Ski-Masked Vandal Smashes Barnstable Flock Camera with 2×4 in Cotuit




COTUIT, MASSACHUSETTS – A ski-masked figure armed with a two-by-four launched a late-night attack on one of the Town of Barnstable’s Flock surveillance cameras along Route 28 near the Santuit-Newtown Road intersection, damaging the solar-powered unit and prompting a police manhunt that came up empty.
Barnstable Police responded shortly before midnight Monday, June 15, 2026, after a passerby spotted the assault on the automated license plate reader (ALPR) camera mounted high on a pole overlooking Route 28 traffic. Officers found the camera and its solar panel damaged. The suspect had already fled.

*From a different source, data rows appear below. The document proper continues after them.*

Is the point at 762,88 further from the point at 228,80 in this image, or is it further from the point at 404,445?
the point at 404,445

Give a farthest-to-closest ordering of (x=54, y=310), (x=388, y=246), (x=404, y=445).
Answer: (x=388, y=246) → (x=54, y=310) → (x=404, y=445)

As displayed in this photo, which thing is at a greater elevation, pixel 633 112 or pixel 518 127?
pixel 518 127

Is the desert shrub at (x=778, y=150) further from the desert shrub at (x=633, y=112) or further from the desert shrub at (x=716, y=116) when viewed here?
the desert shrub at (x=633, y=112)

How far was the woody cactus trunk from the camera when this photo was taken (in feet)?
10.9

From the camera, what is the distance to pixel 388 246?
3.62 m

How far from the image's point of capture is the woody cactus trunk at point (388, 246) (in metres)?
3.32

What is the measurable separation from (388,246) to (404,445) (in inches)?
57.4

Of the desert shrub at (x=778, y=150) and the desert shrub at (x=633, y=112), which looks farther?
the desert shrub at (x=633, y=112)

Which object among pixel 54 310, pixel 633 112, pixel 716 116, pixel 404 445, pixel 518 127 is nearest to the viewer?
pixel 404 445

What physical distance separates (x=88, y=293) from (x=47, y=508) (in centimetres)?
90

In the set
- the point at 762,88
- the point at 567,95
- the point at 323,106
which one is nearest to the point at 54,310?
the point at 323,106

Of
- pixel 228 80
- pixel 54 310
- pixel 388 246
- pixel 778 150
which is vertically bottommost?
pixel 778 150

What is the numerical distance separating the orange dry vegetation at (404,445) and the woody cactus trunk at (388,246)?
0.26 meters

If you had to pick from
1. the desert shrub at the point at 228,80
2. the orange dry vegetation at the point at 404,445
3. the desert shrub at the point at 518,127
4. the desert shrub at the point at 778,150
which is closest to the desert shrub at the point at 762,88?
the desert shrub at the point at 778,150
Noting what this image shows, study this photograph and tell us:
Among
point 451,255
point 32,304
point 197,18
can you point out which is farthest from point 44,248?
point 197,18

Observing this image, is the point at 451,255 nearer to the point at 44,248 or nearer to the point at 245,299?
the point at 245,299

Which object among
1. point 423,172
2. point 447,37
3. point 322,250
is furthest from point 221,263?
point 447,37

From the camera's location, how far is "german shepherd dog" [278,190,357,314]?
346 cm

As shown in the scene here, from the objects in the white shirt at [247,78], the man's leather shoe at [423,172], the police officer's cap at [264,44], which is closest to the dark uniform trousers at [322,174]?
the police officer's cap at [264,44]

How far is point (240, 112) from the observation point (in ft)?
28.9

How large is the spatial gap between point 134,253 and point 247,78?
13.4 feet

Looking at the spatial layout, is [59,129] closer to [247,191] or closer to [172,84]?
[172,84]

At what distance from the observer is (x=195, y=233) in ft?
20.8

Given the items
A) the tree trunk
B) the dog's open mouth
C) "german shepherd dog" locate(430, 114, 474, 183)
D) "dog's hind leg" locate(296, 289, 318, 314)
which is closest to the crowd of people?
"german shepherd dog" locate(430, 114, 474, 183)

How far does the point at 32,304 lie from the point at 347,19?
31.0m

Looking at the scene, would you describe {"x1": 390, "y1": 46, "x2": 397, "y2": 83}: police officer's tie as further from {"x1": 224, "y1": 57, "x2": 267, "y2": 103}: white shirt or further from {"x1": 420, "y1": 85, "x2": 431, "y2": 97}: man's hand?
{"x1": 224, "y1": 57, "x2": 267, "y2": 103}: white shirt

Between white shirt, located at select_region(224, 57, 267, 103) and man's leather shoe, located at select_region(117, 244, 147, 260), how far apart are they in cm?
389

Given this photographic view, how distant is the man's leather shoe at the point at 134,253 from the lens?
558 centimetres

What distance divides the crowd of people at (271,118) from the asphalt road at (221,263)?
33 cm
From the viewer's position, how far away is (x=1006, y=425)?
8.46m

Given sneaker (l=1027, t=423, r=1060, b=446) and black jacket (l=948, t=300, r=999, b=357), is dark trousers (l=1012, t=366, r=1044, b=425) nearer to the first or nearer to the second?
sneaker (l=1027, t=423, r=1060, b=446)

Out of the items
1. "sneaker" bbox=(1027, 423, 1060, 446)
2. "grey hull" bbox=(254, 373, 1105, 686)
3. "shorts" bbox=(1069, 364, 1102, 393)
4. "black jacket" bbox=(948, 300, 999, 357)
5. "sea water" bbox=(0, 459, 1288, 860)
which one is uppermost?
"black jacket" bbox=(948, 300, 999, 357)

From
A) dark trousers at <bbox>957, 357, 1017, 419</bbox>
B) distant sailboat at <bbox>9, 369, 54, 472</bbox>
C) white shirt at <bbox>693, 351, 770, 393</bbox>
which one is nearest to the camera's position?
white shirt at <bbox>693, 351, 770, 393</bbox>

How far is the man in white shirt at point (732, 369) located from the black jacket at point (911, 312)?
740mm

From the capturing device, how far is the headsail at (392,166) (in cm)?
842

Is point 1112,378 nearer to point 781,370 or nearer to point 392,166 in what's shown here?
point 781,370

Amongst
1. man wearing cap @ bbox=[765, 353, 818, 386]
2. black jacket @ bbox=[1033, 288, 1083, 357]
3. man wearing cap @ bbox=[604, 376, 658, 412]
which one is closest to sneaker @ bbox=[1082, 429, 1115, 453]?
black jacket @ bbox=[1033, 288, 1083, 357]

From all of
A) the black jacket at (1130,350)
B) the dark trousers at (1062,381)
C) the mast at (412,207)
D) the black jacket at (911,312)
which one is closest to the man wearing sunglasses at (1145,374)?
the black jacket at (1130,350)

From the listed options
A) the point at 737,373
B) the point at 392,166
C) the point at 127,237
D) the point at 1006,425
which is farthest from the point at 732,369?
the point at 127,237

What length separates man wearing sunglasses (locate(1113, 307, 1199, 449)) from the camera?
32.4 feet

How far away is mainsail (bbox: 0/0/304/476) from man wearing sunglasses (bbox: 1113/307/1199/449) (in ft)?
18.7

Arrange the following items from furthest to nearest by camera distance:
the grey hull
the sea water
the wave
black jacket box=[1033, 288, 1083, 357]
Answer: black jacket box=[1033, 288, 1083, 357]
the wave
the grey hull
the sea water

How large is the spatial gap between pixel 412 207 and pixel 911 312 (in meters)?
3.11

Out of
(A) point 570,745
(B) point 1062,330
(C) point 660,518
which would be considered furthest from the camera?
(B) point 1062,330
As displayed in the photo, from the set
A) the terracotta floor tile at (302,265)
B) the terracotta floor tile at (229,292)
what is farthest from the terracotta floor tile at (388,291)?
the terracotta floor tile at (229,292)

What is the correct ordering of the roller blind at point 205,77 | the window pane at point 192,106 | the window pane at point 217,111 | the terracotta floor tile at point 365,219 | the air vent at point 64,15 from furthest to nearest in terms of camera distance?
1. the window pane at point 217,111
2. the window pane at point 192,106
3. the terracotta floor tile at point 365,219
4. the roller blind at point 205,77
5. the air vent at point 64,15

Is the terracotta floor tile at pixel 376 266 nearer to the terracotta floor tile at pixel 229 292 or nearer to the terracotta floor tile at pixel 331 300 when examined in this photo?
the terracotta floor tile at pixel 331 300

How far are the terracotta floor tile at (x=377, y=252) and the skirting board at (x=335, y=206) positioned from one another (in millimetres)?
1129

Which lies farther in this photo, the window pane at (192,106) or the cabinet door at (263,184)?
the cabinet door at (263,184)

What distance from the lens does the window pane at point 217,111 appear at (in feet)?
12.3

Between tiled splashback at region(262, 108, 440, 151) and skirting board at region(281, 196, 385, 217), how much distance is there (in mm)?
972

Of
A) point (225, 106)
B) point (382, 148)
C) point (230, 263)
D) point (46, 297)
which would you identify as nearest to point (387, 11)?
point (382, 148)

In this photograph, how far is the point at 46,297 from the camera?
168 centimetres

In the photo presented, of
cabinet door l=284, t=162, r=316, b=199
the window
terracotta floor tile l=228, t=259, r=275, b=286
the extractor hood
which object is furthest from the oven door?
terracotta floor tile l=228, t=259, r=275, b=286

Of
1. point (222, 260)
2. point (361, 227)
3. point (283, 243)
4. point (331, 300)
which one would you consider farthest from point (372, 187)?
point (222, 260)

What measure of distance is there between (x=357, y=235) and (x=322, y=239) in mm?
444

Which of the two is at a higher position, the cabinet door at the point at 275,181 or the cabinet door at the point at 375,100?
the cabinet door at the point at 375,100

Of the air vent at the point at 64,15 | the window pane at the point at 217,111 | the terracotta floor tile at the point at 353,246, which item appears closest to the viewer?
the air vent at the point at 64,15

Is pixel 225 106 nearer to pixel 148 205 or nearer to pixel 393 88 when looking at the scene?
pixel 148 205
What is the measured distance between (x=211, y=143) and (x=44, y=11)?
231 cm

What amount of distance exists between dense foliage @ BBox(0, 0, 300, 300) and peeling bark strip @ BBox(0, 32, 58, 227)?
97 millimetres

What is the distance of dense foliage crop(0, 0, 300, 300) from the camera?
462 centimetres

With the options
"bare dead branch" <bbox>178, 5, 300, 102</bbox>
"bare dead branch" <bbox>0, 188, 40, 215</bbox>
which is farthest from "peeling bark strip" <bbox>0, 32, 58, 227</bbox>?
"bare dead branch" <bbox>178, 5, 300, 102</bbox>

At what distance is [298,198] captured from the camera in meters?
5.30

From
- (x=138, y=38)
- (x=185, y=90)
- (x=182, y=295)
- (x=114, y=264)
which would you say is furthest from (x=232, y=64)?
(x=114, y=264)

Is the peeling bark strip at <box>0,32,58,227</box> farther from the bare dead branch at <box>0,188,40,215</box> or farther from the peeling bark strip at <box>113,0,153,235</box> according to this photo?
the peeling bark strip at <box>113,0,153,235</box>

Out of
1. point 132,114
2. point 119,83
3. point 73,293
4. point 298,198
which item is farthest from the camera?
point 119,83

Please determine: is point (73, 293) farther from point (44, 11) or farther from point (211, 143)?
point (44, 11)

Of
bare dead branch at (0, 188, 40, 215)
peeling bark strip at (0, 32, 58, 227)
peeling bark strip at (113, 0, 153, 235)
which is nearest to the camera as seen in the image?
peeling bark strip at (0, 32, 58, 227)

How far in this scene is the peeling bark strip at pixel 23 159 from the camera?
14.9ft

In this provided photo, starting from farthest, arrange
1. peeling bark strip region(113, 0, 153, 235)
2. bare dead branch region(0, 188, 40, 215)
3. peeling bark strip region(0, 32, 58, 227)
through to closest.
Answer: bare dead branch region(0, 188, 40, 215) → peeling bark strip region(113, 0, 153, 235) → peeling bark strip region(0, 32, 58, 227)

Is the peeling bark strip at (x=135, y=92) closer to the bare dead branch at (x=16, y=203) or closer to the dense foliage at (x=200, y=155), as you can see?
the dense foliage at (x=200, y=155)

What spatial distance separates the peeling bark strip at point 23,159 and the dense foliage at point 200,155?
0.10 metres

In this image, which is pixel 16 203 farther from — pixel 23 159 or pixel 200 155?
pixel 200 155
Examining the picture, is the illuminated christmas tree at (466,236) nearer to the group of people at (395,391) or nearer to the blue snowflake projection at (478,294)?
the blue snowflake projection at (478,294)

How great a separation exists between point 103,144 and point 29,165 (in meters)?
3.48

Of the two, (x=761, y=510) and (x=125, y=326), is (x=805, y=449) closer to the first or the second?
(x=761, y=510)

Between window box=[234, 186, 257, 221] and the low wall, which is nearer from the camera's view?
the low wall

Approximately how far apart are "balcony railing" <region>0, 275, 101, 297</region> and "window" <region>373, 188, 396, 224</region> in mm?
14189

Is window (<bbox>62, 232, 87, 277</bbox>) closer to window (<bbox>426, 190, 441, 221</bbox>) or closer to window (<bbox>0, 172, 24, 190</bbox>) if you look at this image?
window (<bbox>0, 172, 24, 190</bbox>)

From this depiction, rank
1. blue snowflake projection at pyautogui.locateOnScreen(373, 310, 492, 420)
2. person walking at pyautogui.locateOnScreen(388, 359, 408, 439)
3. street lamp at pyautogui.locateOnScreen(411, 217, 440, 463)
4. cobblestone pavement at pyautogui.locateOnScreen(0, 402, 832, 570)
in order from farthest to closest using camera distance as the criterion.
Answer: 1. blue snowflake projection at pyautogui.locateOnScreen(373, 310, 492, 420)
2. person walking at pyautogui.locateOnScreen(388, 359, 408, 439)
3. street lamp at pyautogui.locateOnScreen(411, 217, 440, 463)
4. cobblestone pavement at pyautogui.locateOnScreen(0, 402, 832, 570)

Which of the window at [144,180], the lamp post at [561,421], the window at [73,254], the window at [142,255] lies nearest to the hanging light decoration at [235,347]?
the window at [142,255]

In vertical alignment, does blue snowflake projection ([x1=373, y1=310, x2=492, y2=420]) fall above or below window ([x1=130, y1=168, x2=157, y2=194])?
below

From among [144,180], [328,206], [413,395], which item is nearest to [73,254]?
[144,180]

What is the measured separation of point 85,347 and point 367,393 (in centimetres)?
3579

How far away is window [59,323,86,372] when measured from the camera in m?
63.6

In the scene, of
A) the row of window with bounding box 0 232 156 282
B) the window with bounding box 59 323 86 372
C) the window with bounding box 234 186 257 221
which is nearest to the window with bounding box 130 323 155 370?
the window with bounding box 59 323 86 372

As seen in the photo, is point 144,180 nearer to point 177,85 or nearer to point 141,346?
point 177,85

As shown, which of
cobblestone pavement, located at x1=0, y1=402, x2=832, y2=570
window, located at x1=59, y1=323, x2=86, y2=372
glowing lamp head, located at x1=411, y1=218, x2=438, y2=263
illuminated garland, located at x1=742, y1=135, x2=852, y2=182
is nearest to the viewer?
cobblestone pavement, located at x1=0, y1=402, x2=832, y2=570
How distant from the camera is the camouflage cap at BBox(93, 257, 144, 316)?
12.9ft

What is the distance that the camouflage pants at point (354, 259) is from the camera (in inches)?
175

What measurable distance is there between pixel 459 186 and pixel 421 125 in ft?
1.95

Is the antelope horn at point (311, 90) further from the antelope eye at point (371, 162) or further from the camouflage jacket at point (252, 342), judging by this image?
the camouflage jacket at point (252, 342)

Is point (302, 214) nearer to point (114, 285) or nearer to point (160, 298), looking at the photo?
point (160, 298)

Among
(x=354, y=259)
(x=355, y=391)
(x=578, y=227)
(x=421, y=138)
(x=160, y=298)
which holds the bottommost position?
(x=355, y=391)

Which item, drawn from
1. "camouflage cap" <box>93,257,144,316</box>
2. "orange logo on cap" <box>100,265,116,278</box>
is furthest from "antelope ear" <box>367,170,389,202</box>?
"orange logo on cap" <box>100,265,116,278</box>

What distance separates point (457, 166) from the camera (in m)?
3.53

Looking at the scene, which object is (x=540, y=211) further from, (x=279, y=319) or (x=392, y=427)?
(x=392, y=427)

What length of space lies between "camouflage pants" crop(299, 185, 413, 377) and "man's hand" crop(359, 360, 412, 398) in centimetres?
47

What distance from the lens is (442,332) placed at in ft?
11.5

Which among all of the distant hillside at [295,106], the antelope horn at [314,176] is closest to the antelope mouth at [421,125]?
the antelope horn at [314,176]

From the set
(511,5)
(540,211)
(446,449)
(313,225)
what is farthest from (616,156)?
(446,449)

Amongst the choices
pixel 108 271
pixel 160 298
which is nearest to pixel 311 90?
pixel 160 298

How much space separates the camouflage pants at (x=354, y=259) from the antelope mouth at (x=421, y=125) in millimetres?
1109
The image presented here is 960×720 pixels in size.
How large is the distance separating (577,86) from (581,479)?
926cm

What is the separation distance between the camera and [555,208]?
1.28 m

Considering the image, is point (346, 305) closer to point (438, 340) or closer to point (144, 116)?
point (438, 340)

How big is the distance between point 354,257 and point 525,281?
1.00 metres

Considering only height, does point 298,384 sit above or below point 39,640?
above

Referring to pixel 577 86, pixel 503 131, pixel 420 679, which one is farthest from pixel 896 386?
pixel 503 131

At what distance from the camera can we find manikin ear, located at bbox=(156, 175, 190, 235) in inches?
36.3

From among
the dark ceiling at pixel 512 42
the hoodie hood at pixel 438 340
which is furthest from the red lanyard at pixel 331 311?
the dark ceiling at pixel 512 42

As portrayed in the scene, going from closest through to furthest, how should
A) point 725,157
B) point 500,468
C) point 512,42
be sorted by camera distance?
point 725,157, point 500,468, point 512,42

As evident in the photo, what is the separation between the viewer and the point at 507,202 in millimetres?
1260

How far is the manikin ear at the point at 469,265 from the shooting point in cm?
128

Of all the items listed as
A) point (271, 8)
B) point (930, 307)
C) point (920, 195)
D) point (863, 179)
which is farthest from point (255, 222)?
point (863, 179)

The damaged camera is one of four Flock Safety units currently operated by Barnstable Police under contract with the Atlanta-based company. According to a March 18, 2026 report in the Provincetown Independent, three of the cameras are mounted on free-standing black poles equipped with solar panels — including the one on Route 28 in front of Lujean Printing Company near the Mashpee border (in the Cotuit/Santuit area), which was the camera vandalized Monday night. The fourth camera is mounted overhead from a light pole on Main Street in downtown Hyannis. One additional known location is near the intersection of Main Street and Barnstable Road in Hyannis.
Flock Safety cameras are automated license plate readers (ALPRs) that capture still images of every passing vehicle. They record license plate numbers (including temporary and out-of-state tags), vehicle color, make and model, plus distinctive details such as roof racks, bumper stickers or visible damage — all timestamped with exact location data. The information feeds into a searchable cloud database that Barnstable police and other agencies can query to help solve crimes.
The technology has drawn sharp criticism from privacy advocates. The ACLU of Massachusetts has warned that Flock’s interconnected network enables “indiscriminate surveillance” by creating detailed, warrantless travel profiles of ordinary drivers and sharing that data across a nationwide system used by thousands of law enforcement agencies. The group’s “Get The FLOCK Out” campaign calls for stronger state regulations, noting that at least 80 Massachusetts departments now use Flock systems.
Local police departments — including agencies across the entire state — counter that the cameras are a vital modern tool for quickly identifying suspects in fast-moving crimes, recovering stolen vehicles and removing dangerous drivers from Cape Cod roads, according to recent online news reports.
In a striking irony, while the targeted camera successfully logged routine traffic data from Route 28, it captured no clear immediate images of the masked attacker who struck it. According to police radio transmissions, officers only had a basic description of the suspect — including clothing — provided by the passerby who witnessed the attack.
A Barnstable Police K9 unit arrived and tracked the suspect north across Route 28 behind a house under construction. Officers discovered a pile of two-by-four lumber in the backyard but found no sign of the vandal. A member of the Barnstable County Sheriff’s Office Bureau of Criminal Investigations responded to document the damaged camera and collect potential evidence from the scene.
The investigation remains active. Barnstable Police are asking anyone with information about the incident to contact the department. Based on the cost of the damage, the suspect could face felony vandalism charges if apprehended.